EXTRACTED RECORDS
+ + + + + + +
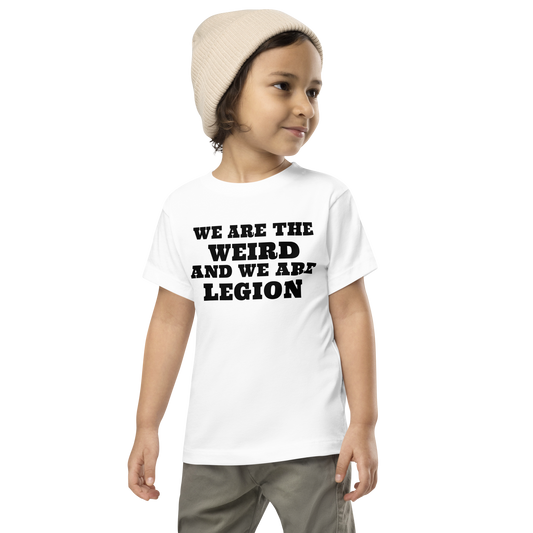 "We are the weird and we are legion" printed on a white toddler short sleeve tee worn by a male wearing a cap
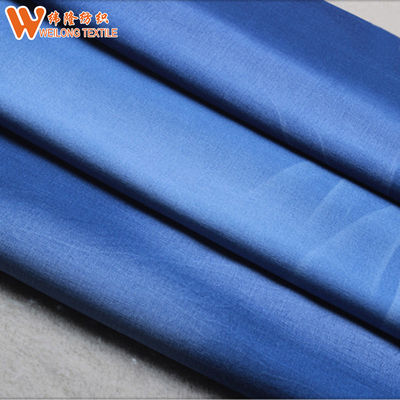 Fabricants visqueux bleus colorés de tissu de denim de bout droit de coton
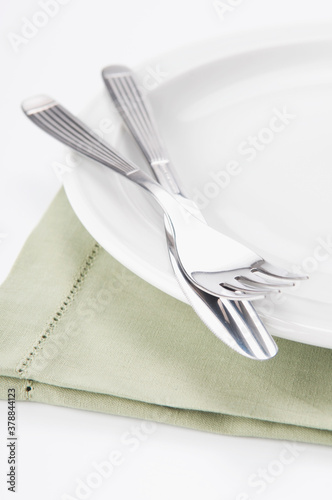 Close-up of a fork and knife on a plate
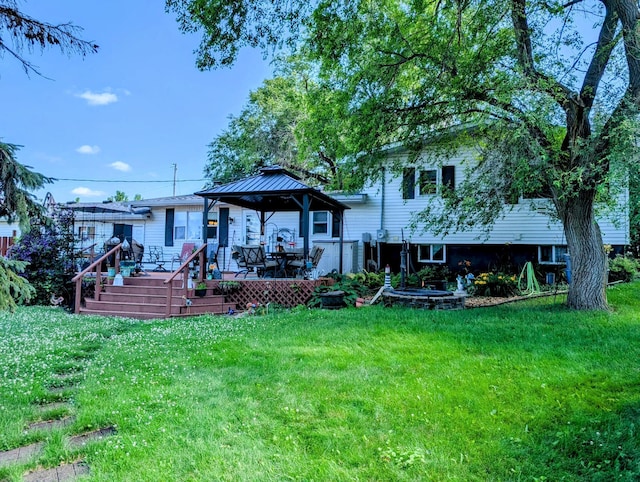 18467 County Road 21, Glenwood Twp, MN 56334 - back of property with a gazebo, a yard, and a wooden deck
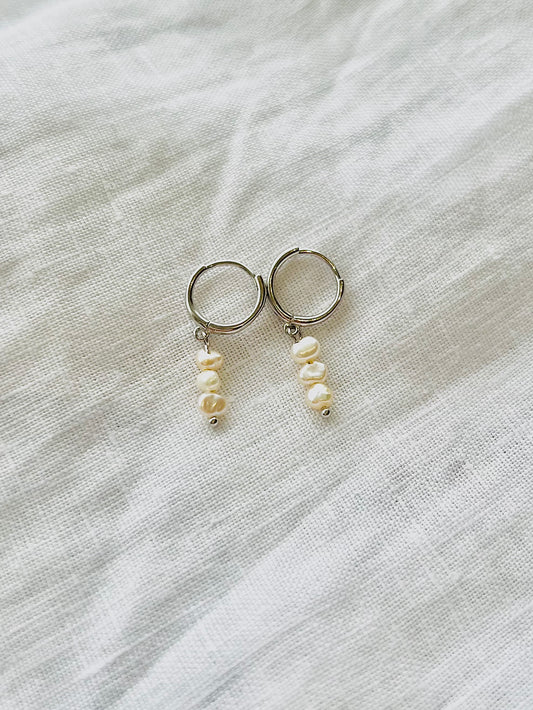 Pair of hoop earrings with pearl drops on a light fabric background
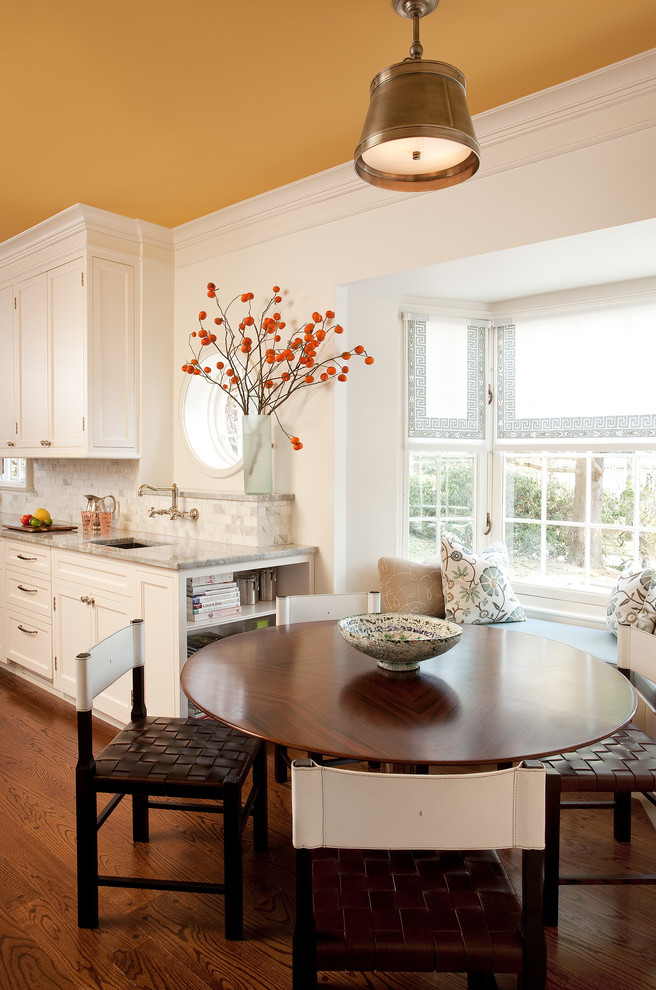 Elegant medium tone wood floor eat-in kitchen photo in Bridgeport with shaker cabinets, white cabinets and white walls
+ + + + + + +
INSTRUCTIONS FOR THE TASK
What is needed is an exact copy of the lines above from the one with "Close-up of a fork and knife on a plate" to the one with "Pair of hoop", both ends kept, and nothing more; please leave the pictures out.

ANSWER
 Close-up of a fork and knife on a plate
 18467 County Road 21, Glenwood Twp, MN 56334 - back of property with a gazebo, a yard, and a wooden deck
 Pair of hoop earrings with pearl drops on a light fabric background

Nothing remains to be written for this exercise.